The K23 Orchestra - Whisper of a New Born Ghost


It was only back in 2006 that Nas proclaimed that hip hop was dead. And he was right. As a genre, hip hop had descended from its once esteemed heights of creativity, street grittiness and innovation into a white-washed, super-glossed barren vacuum of producer driven drivel. With real instruments and even the creative use of samples stripped away, replaced by a stunningly vacuous bank of computer-generated tones and beats, each new artist's sound became a carbon copy of whatever the latest focus group determined would sell to the masses and still be able to fit comfortably into the next McDonald's commercial. Hip hop and rap had become consumer-focused, corporate banality. After all, you don't want to offend any of your super-sized Big Mac buyers.

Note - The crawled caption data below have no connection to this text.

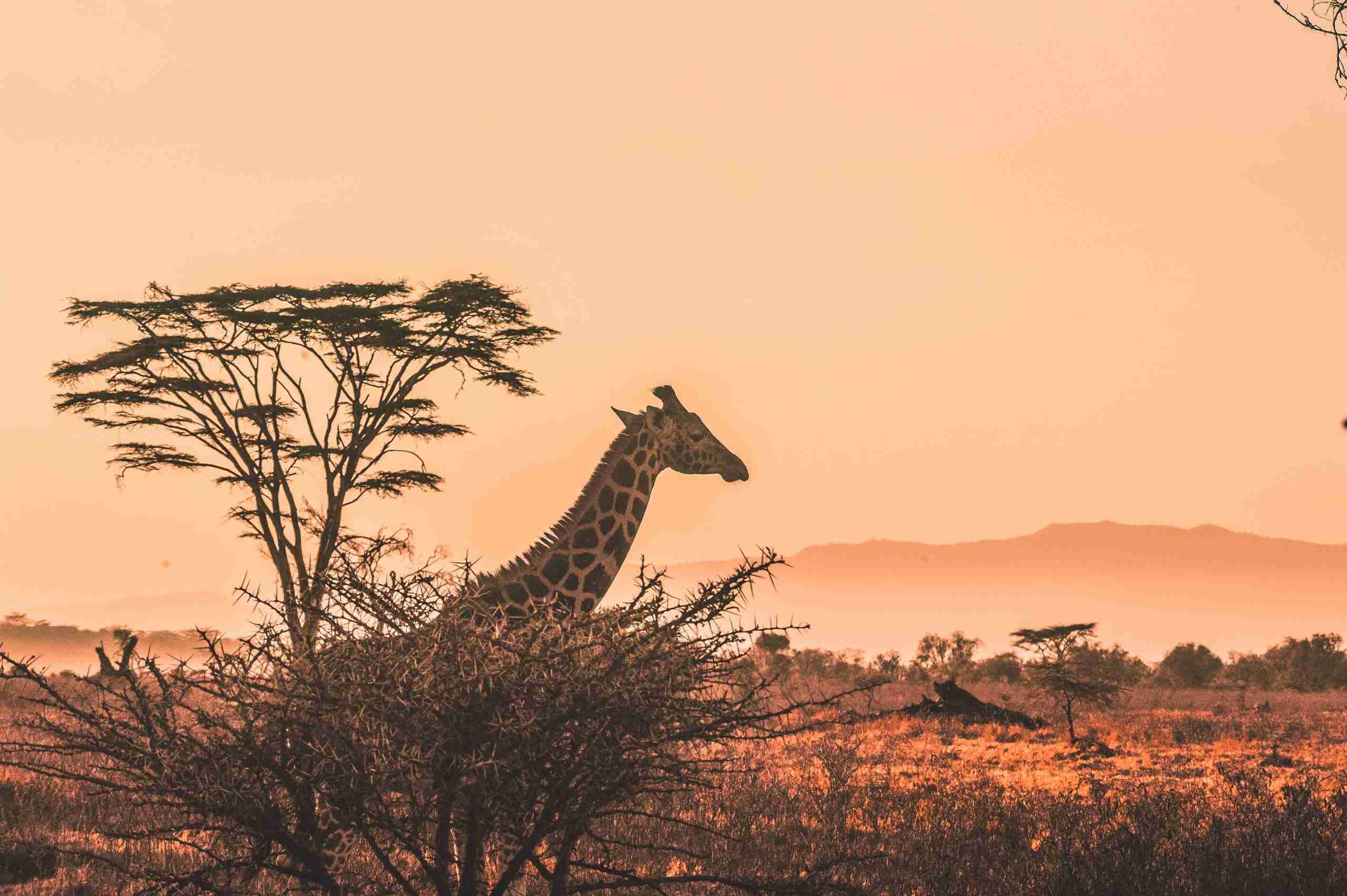 Remarkable Shot of Giraffe Looming in Mist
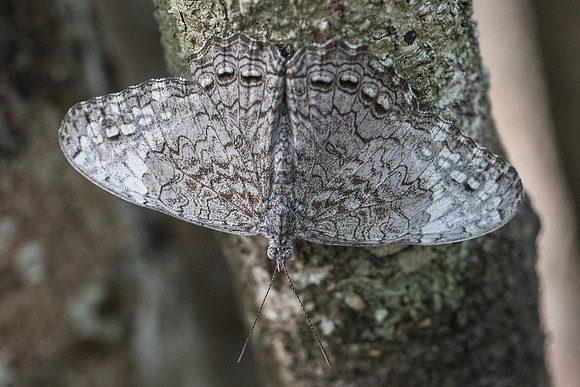 hamadryas glauconome-6373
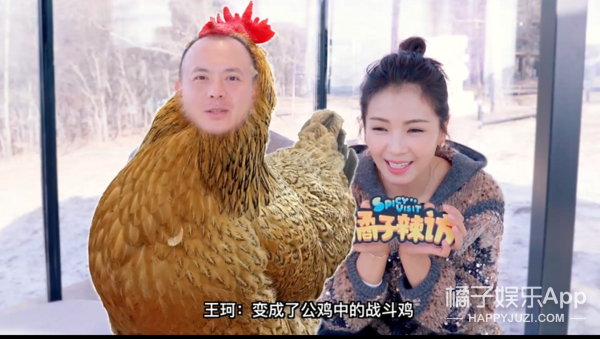 刘涛和王珂是真恩爱还是为了节目做戏呀？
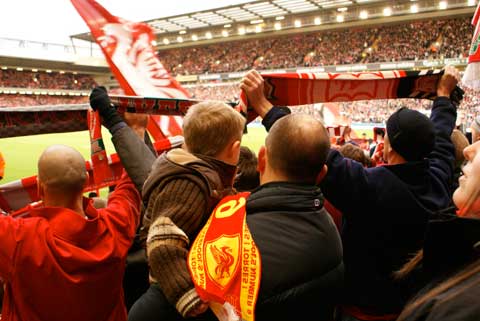 steph-power-2 steph-power-2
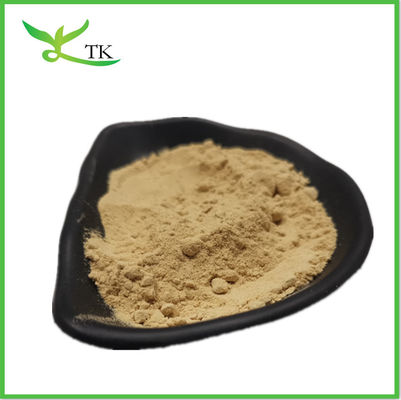 الصحة استخراج الكورياندروم Coriandrum Sativum استخراج الكوريانترول استخراج الكورياندر مسحوق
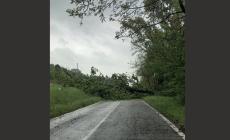 Vento forte: alberi caduti a Fidenza, Lesignano e in via Mantova a Parma. Diversi interventi dei vigili del fuoco 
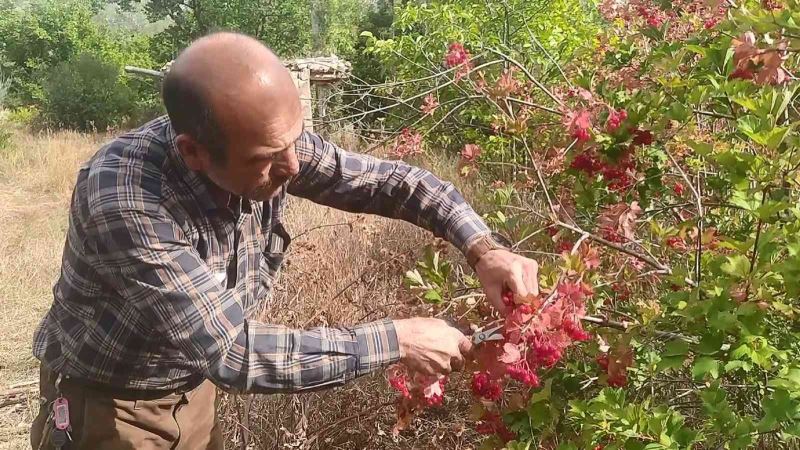 Şifa deposu Gilaburu hasadı başladı
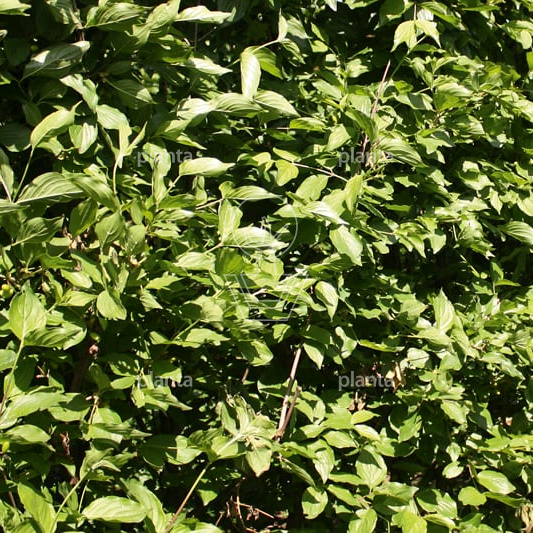 Quick Hedge Haagelement 100cm lang x 200cm hoog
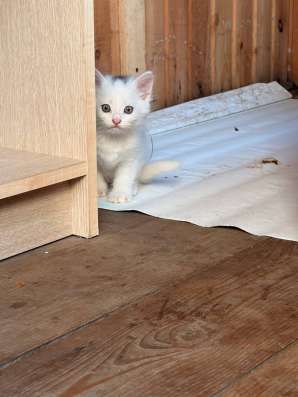 котята в Нижневартовске фото 5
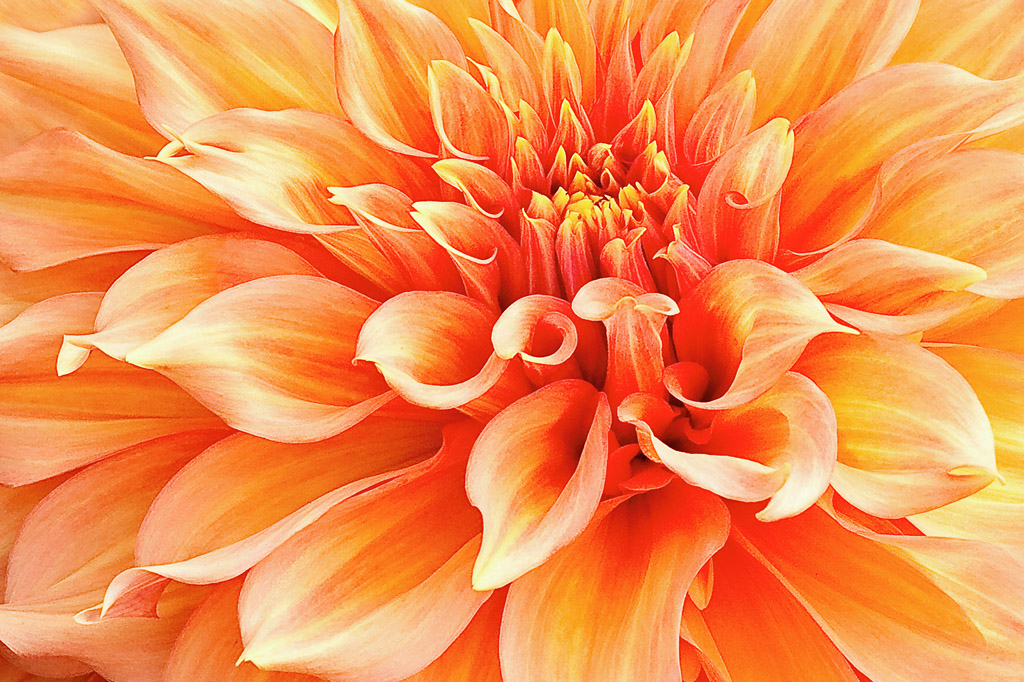     Marilyn Cornwell, Dahlia in Orange, 2009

But from the very first funk heavy guitar riff that K23 Orchestra unleashes in "Big in El Portal," you know you're in for something different. Mixing the dynamic soul/funk tones of seventies-era Curtis Mayfield and Issac Hayes with the freaky jazz fusion blowouts of Billy Cobham and Herbie Hancock, K23 take us back to the future of rap/hip hop. Rapping over a fantastic wah-wah guitar, Alfred Howard makes his street weary statement, while the bass and live drums drive the rhythm. The groove-heavy, seventies-era guitar blast of a chorus drives the urgency of Alfred's protests, that he'll wake up, break out of the crime and despair of urban life and make his escape. Fuck, it's been ages since rap/hip hop sounded this urgent.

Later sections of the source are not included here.